"While the targets and measures are not mandatory, undoubtedly UK companies will be concerned about pressure from industry."
The proposals build on progress achieved under existing UK initiatives such as the Hampton Alexander Review (focusing on one third women on boards) and the Parker review (ethnic board diversity). It acknowledges increasing diversity in investors and companies, frequently linked to focussed investment decisions regarding ESG.
The FCA’s review found evidence of a positive correlation between greater gender diversity on boards and improved risk management and corporate governance outcomes. Board monitoring functions, such as attendance, quality of discussions, and monitoring effectiveness including better oversight of a firm’s disclosures and reports, were positively influenced by improved gender diversity on boards.

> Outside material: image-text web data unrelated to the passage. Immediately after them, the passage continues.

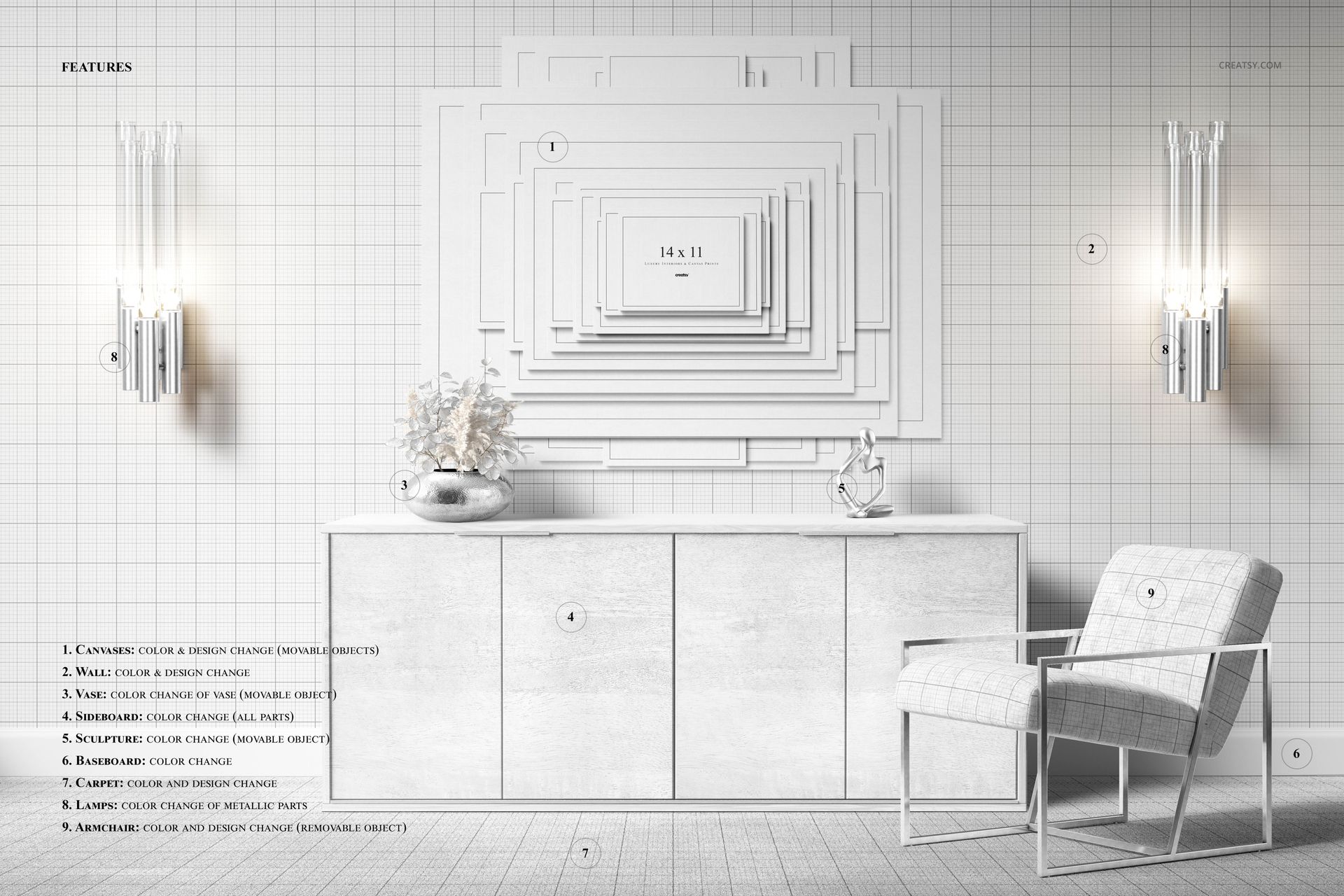 Front view of a modern room featuring a canvas print mockup on the wall, white armchair, sideboard, and decorative props.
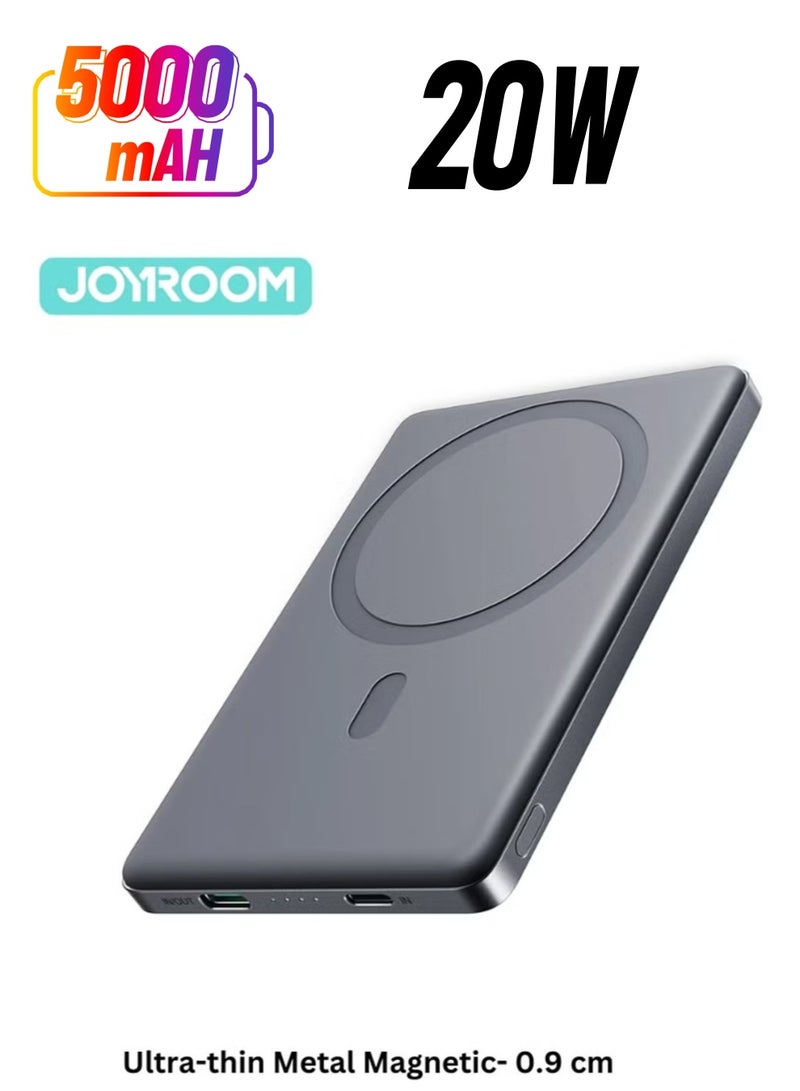JAJEEK 5000mAh 20W Ultra-Thin Magnetic Wireless Power Bank – 0.9cm Slim Design, Type-C & Lightning Input/Output, Fast Charging, Magnetic Power Bank with 60W Type-C to Type-C Cable, Space Grey - Image 1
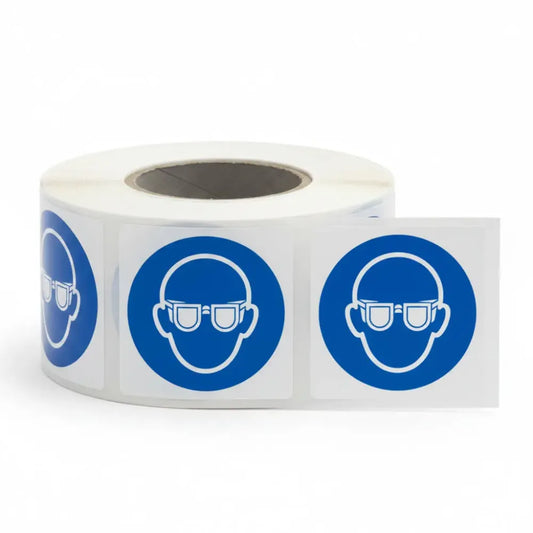 Safety goggles roll of 100 self adhesive vinyl labels 50x50mm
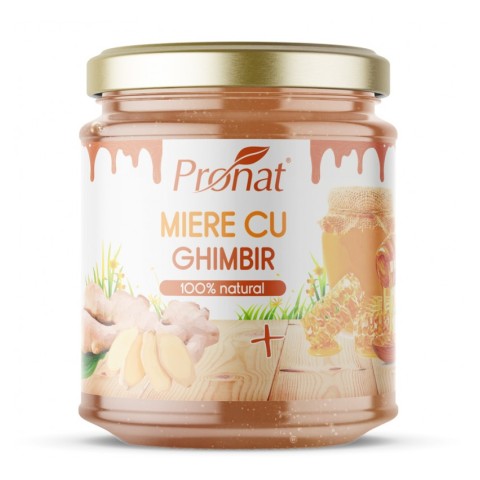 Pronat Glass Pack, Miere cu ghimbir, 220g, biomag.ro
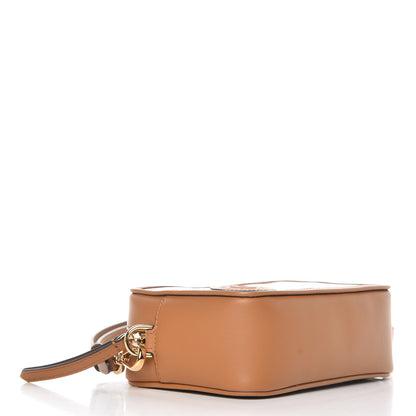 Fendi Glazed Fabric Vitello Century FF 1974 Stamp Patch Mini Camera Case Mogano Panna Caramello 4 of 10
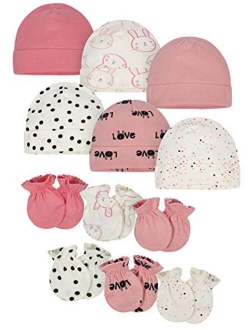 Onesies Brand Baby Girls' 12-Piece Cap and Mitten Set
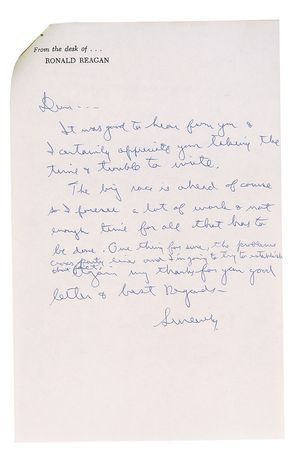 Lot #159 Ronald Reagan: “The big race is ahead of course” - Image 1
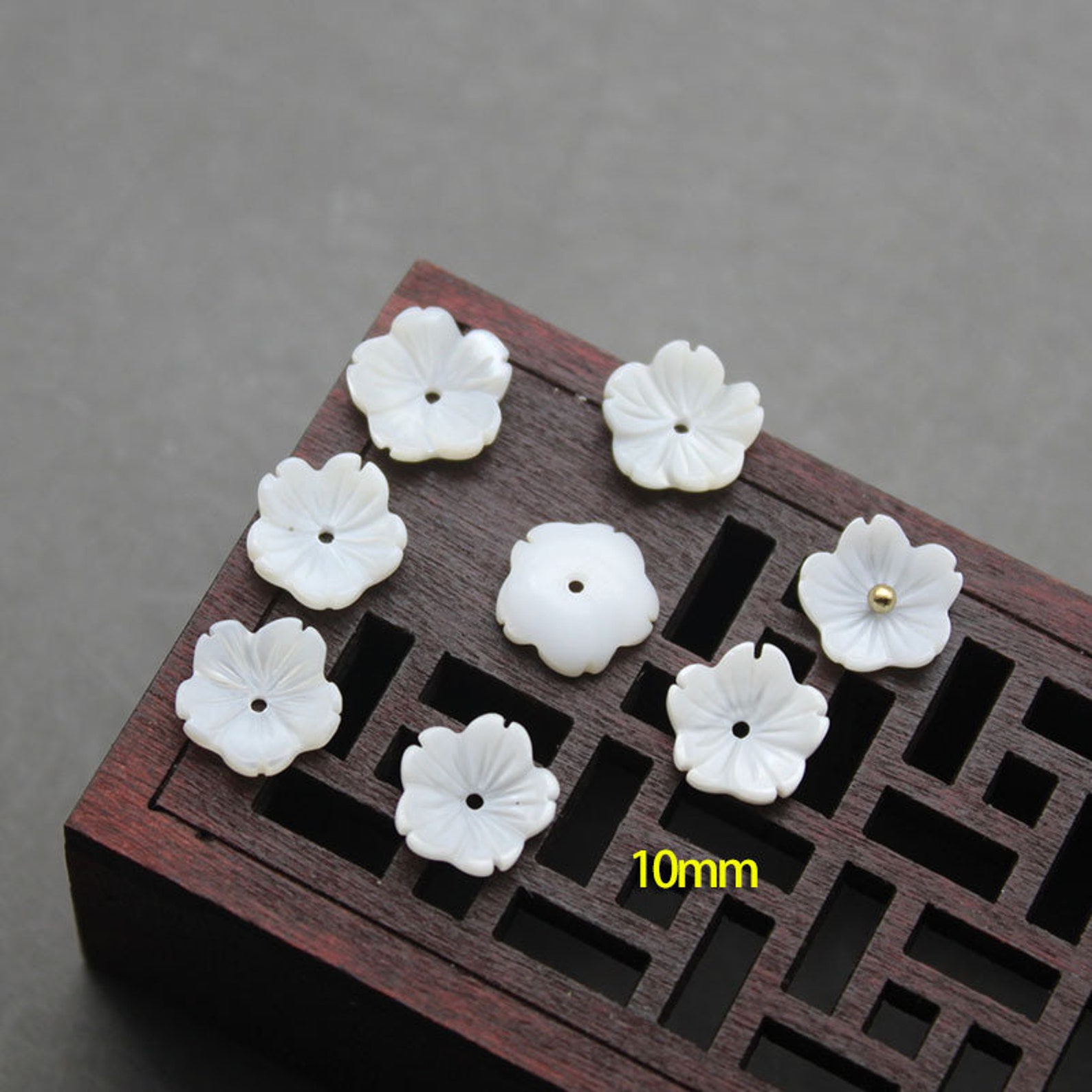 30pcs 6mm8mm10mm12mm Natural White Shell Flower Beads Shell | Etsy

The FCA has looked internationally for evidence, inspiration and best practice. The European Commission first recommended, after considerable research, a 40% quota for female board representation in 2012. While it didn’t result in legislation, several progressive European countries lead the way. Germany, Sweden, Iceland, Finland, and France, have quotas requiring women on boards, and fines for those which fail. In fact, earlier this year, France went a step further and issued quotas for women on executive leadership as well. Hugely controversial at the time, in 2008 Norway required companies listed there to give at least 40 percent of their director seats to women. While a good portion of Norwegian directors were initially against it, after the law was enacted and they had experienced it, they changed their minds and embraced it. One academic study found that “Norwegian companies came to understand that sometimes such a blunt instrument is necessary, given implicit biases, and diversity improved the overall quality of governance and decision-making.”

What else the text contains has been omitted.